Work to be completed -> Set down each line of the data exactly, but not the pictures.

━━ Records ━━

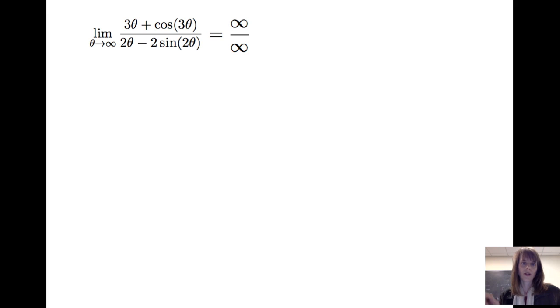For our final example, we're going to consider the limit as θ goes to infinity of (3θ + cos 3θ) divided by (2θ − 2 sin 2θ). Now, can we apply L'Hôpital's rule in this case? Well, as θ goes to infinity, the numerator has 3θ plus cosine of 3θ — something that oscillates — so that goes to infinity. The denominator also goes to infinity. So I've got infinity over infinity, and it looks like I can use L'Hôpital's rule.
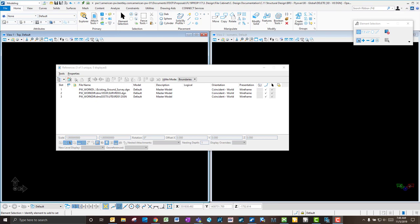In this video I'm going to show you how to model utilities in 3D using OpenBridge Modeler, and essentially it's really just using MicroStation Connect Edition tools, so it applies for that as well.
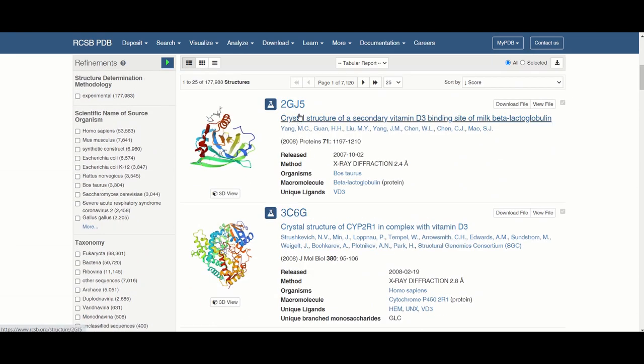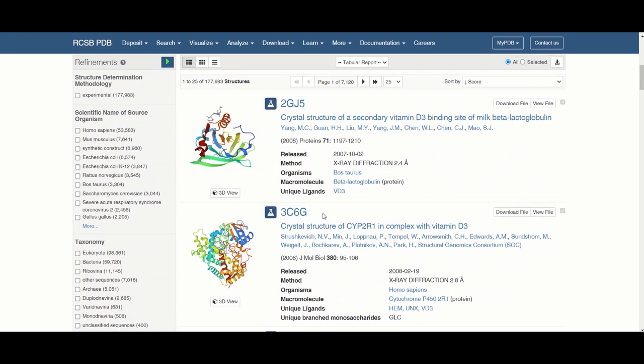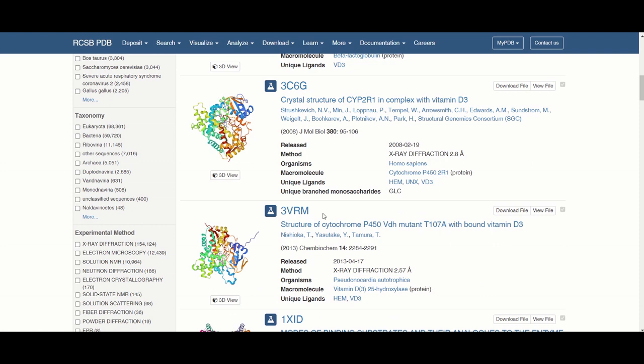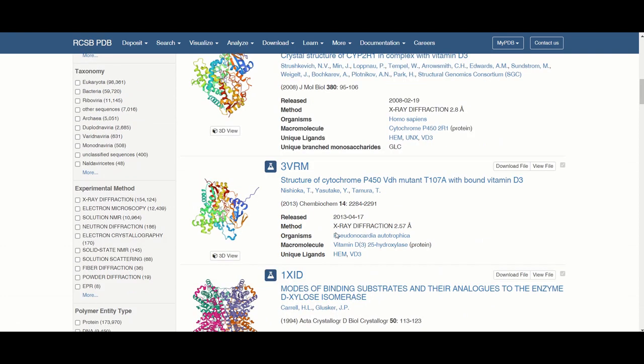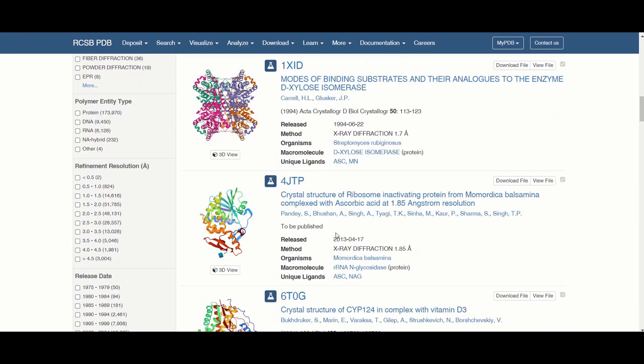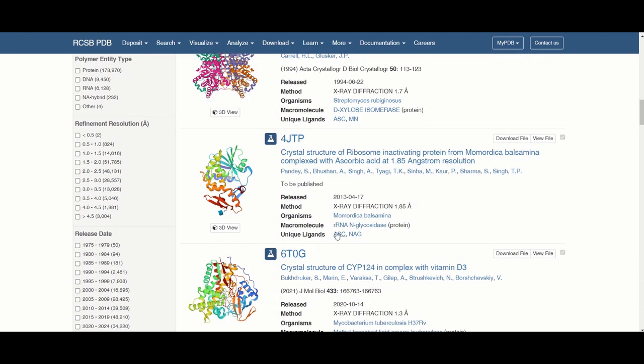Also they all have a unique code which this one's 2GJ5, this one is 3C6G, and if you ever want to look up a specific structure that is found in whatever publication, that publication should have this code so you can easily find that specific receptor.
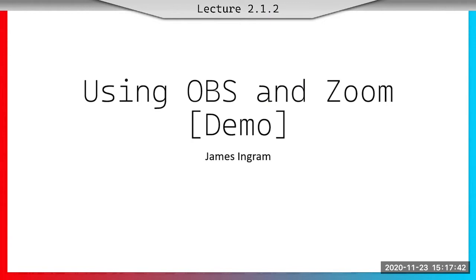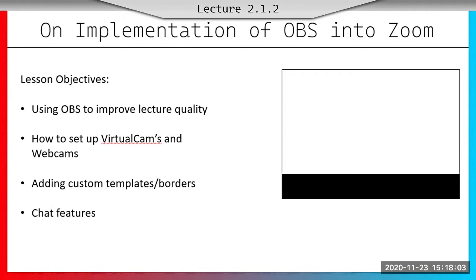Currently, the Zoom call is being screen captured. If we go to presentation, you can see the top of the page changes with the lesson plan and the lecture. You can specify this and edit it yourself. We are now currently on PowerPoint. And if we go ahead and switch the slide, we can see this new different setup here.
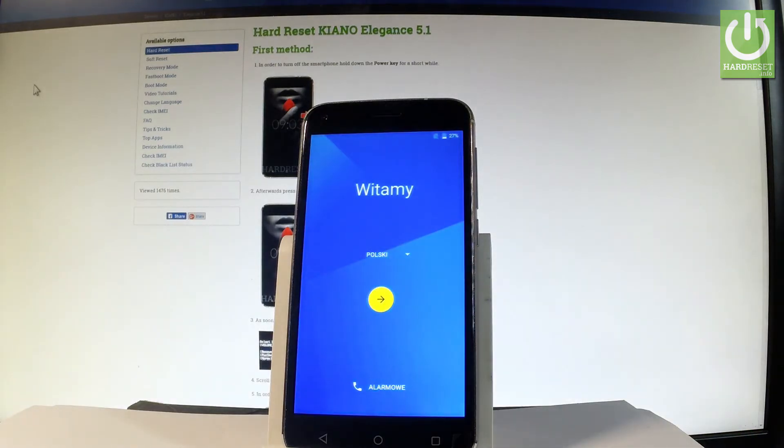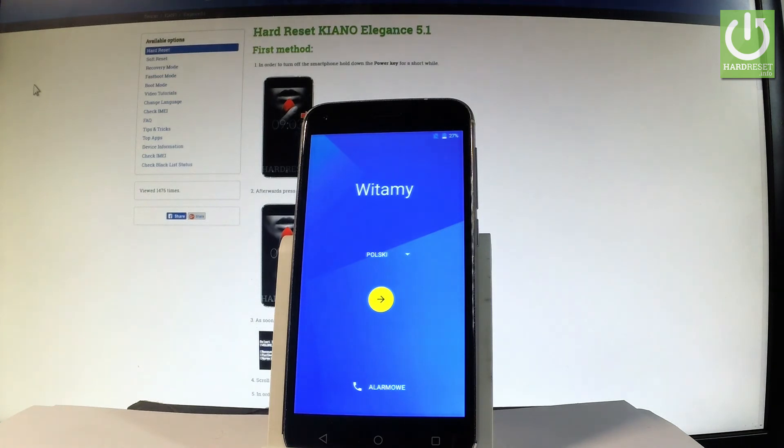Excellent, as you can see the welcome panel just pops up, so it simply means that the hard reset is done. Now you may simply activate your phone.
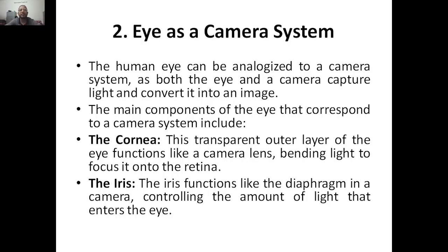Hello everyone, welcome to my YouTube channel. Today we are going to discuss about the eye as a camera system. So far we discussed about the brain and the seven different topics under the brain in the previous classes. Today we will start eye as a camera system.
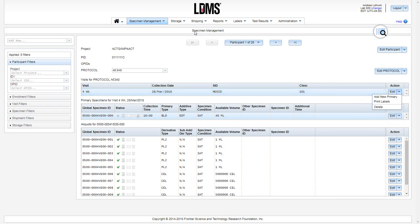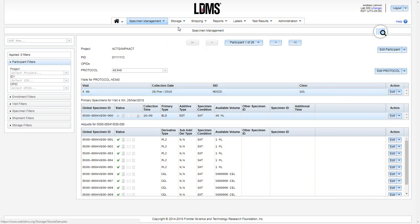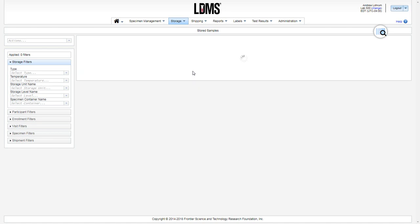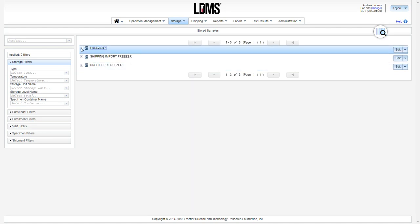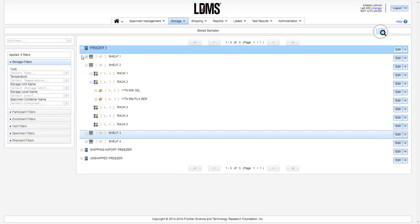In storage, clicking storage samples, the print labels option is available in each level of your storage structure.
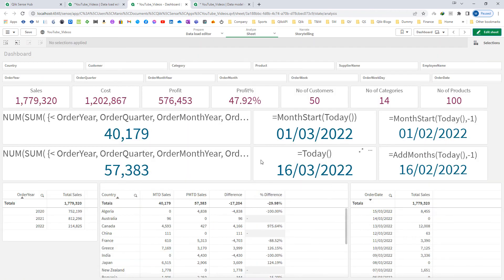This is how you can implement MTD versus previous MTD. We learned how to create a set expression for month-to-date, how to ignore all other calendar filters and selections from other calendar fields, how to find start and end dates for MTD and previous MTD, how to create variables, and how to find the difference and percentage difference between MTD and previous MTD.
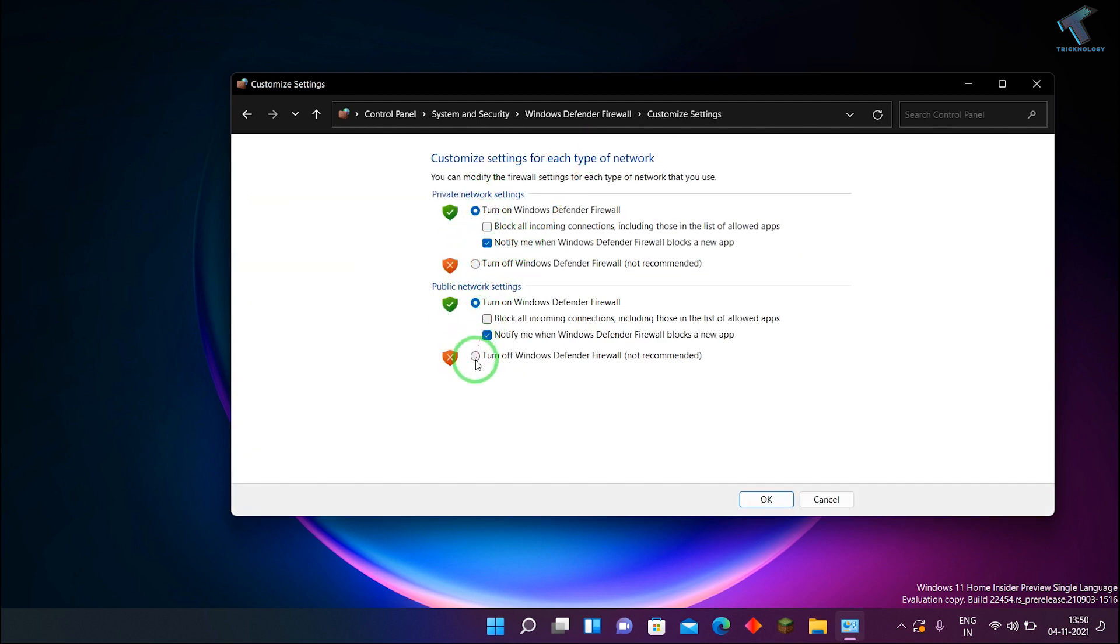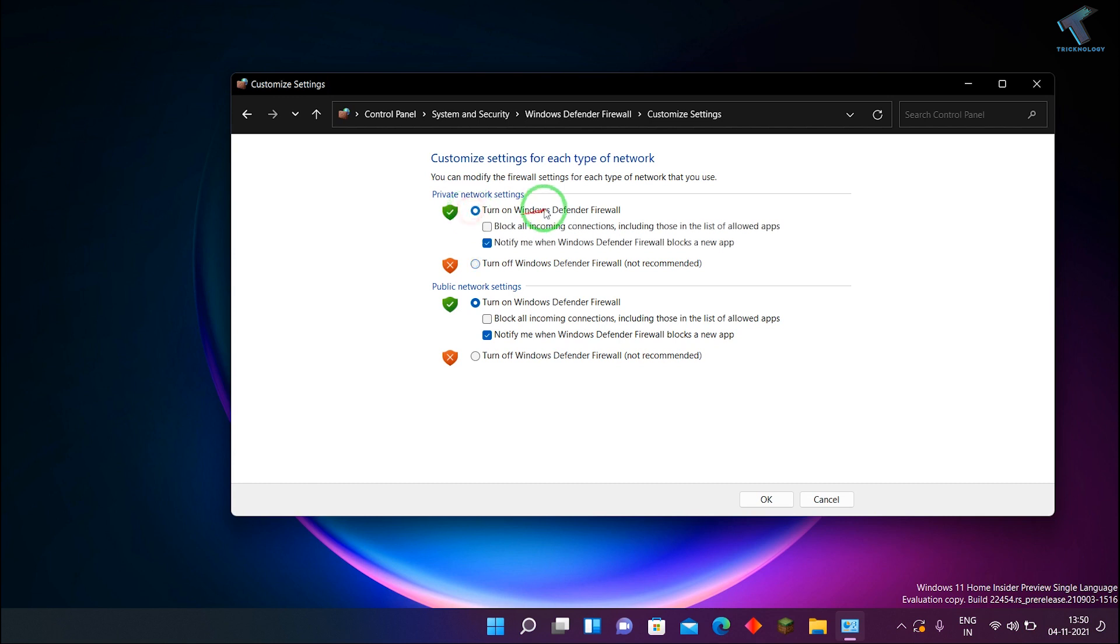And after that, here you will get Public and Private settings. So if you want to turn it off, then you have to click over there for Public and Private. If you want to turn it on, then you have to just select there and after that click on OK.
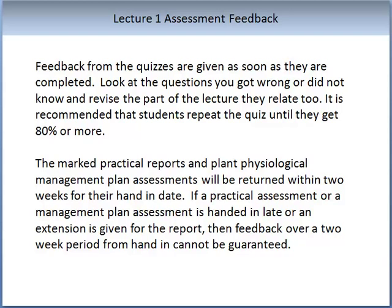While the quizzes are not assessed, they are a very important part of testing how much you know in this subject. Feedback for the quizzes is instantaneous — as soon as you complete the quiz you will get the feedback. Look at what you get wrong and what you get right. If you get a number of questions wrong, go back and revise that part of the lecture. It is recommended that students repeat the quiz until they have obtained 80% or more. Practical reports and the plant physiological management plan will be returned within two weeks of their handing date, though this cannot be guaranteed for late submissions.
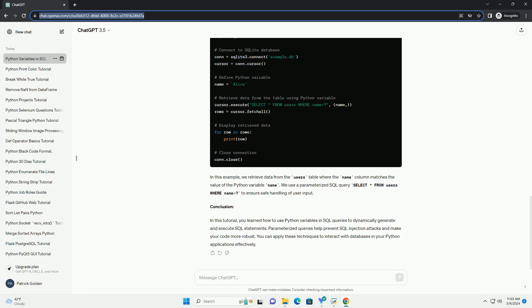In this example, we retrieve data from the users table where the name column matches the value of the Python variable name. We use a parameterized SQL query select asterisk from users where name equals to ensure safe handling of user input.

━━━

Output of the task ->
For our final example, we're going to consider the limit as θ goes to infinity of (3θ + cos 3θ) divided by (2θ − 2 sin 2θ). Now, can we apply L'Hôpital's rule in this case? Well, as θ goes to infinity, the numerator has 3θ plus cosine of 3θ — something that oscillates — so that goes to infinity. The denominator also goes to infinity. So I've got infinity over infinity, and it looks like I can use L'Hôpital's rule.
In this video I'm going to show you how to model utilities in 3D using OpenBridge Modeler, and essentially it's really just using MicroStation Connect Edition tools, so it applies for that as well.
Also they all have a unique code which this one's 2GJ5, this one is 3C6G, and if you ever want to look up a specific structure that is found in whatever publication, that publication should have this code so you can easily find that specific receptor.
Currently, the Zoom call is being screen captured. If we go to presentation, you can see the top of the page changes with the lesson plan and the lecture. You can specify this and edit it yourself. We are now currently on PowerPoint. And if we go ahead and switch the slide, we can see this new different setup here.
Excellent, as you can see the welcome panel just pops up, so it simply means that the hard reset is done. Now you may simply activate your phone.
Hello everyone, welcome to my YouTube channel. Today we are going to discuss about the eye as a camera system. So far we discussed about the brain and the seven different topics under the brain in the previous classes. Today we will start eye as a camera system.
In storage, clicking storage samples, the print labels option is available in each level of your storage structure.
This is how you can implement MTD versus previous MTD. We learned how to create a set expression for month-to-date, how to ignore all other calendar filters and selections from other calendar fields, how to find start and end dates for MTD and previous MTD, how to create variables, and how to find the difference and percentage difference between MTD and previous MTD.
And after that, here you will get Public and Private settings. So if you want to turn it off, then you have to click over there for Public and Private. If you want to turn it on, then you have to just select there and after that click on OK.
While the quizzes are not assessed, they are a very important part of testing how much you know in this subject. Feedback for the quizzes is instantaneous — as soon as you complete the quiz you will get the feedback. Look at what you get wrong and what you get right. If you get a number of questions wrong, go back and revise that part of the lecture. It is recommended that students repeat the quiz until they have obtained 80% or more. Practical reports and the plant physiological management plan will be returned within two weeks of their handing date, though this cannot be guaranteed for late submissions.
In this example, we retrieve data from the users table where the name column matches the value of the Python variable name. We use a parameterized SQL query select asterisk from users where name equals to ensure safe handling of user input.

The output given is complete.